(436c) Genomic Analysis of Hepatic Metabolite Pools | AIChE

(436c) Genomic Analysis of Hepatic Metabolite Pools

Authors 

Raab, R. M. - Presenter, Massachusetts Institute of Technology
Stephanopoulos, G. - Presenter, Massachusetts Institute of Technology
Wong, M. S. - Presenter, Massachusetts Institute of Technology


Type II Diabetes mellitus is a genetically complex disease characterized by insulin resistance, which results in simultaneous hyperglycemia and hyperinsulinemia. As the incidence of type II diabetes grows throughout the world, more research groups are investigating the problem, however traditional mapping techniques have not been successful in explaining the underlying genetic components of the disease. Despite these previous efforts, high-through-put experimental techniques provide new approaches to studying disease pathogenesis and regulation in pertinent molecular pathways.

Hepatocytes are particularly important to maintaining whole body glycemia as a source of glucose and other substrates during non-feeding periods. Our work has focused on discovering new genes that influence hepatic metabolism. In our investigations we quantify hepatic metabolism in terms of metabolite pool distributions that describe flux rates within relevant metabolic pathways. Using DNA microarrays containing 17,000 unique gene probes, we have monitored hepatic gene transcription under normal, insulin resistant, and fasting states in C57 mice. From this data set we have identified 41 different genes that are highly discriminatory of the treatment groups.

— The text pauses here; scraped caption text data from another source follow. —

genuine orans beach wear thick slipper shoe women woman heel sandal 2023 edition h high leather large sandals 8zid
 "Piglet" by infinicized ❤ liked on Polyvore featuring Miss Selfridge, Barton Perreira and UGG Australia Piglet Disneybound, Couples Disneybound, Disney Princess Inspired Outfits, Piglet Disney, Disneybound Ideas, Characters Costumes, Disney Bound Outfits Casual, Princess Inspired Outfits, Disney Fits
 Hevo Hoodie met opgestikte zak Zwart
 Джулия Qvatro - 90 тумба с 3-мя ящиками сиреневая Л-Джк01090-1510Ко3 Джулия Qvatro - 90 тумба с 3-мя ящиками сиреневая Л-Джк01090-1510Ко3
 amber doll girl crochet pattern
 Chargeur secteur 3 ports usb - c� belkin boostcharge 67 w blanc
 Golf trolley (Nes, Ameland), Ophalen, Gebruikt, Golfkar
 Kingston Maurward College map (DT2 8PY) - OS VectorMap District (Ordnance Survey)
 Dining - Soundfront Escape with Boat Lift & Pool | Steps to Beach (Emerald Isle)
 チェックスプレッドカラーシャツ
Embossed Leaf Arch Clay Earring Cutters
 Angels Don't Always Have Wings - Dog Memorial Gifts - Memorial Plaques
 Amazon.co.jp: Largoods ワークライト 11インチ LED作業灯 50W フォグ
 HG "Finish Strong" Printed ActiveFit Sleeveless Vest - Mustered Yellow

To characterize genes identified by our analysis, we have developed combinatorial RNA-interference (RNAi) based gene silencing techniques for primary hepatocytes. Using RNAi we screened genes that were over-expressed within the set to study loss of function effects on the size of key metabolite pools. We analyzed the results using a variety of multivariate methods to determine which genes had a predominant affect on the metabolite distributions. Taken together, by combining DNA microarrays, RNAi based gene silencing, and intracellular metabolite measurements with advanced data analyses, we seek to identify novel regulatory processes affecting hepatic insulin resistance.